:: Source material ::

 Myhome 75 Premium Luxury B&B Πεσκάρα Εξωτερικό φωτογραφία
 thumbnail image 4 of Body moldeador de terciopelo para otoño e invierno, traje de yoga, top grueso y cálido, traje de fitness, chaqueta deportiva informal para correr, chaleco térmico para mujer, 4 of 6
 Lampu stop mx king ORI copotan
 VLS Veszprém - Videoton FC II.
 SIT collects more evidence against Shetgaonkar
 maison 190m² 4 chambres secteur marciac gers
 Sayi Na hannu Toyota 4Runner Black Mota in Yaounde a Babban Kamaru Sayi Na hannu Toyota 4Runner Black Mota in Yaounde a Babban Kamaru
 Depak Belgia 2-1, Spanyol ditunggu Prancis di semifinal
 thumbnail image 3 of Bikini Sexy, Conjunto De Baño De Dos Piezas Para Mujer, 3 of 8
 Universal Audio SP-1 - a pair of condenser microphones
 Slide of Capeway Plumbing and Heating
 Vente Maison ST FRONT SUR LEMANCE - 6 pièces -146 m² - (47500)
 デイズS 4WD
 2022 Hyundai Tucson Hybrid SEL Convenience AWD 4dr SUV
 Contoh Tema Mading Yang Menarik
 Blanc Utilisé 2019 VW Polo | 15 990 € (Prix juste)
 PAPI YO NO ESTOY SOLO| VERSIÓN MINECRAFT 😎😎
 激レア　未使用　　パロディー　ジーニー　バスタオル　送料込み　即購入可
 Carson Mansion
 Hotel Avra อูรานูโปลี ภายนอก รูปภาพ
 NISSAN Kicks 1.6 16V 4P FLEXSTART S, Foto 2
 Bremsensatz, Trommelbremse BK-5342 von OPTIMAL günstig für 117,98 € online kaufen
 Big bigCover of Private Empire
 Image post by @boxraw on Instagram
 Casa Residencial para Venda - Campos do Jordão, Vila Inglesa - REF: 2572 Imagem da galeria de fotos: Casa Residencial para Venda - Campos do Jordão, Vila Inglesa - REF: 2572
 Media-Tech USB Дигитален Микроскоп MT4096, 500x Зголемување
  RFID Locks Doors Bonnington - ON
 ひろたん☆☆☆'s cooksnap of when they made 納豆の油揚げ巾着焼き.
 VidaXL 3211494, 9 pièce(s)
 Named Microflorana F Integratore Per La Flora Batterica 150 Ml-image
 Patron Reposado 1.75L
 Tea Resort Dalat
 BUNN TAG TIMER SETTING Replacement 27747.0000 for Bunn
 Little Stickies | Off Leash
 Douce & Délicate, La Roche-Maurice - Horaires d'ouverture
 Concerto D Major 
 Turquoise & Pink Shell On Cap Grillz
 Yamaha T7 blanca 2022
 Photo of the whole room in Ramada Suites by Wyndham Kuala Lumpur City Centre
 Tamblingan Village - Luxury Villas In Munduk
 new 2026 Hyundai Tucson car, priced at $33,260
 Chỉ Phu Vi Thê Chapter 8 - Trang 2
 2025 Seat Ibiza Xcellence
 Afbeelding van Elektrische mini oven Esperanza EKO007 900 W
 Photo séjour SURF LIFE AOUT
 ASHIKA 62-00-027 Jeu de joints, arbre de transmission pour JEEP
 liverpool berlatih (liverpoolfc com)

:::

_Instructions to follow_
Check each line above for the word "thumbnail", and copy the lines where it appears.

_Expected answer_
 thumbnail image 4 of Body moldeador de terciopelo para otoño e invierno, traje de yoga, top grueso y cálido, traje de fitness, chaqueta deportiva informal para correr, chaleco térmico para mujer, 4 of 6
 thumbnail image 3 of Bikini Sexy, Conjunto De Baño De Dos Piezas Para Mujer, 3 of 8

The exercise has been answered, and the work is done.